Problem details: Would you please copy all of the data exactly, skipping the images?

Given information:

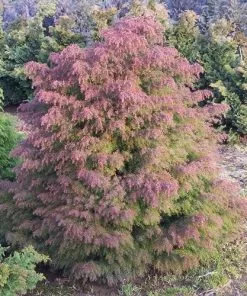 Future Forests All Conifers Cryptomeria Japonica Elegans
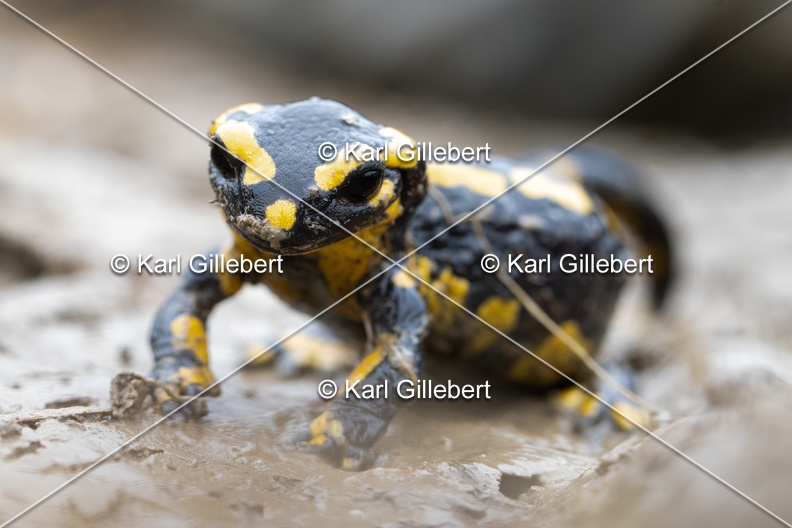 Karl-Gillebert-salamandre-tachetee-salamandra-salamandra-0279.jpg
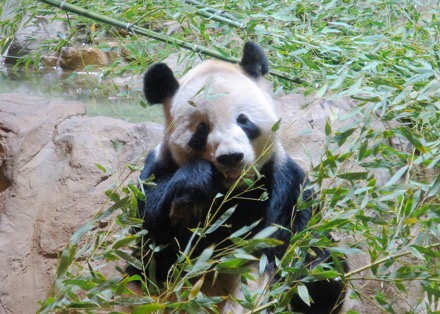 Tian Tian (Dad)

Answer to this problem:
 Future Forests All Conifers Cryptomeria Japonica Elegans
 Karl-Gillebert-salamandre-tachetee-salamandra-salamandra-0279.jpg
 Tian Tian (Dad)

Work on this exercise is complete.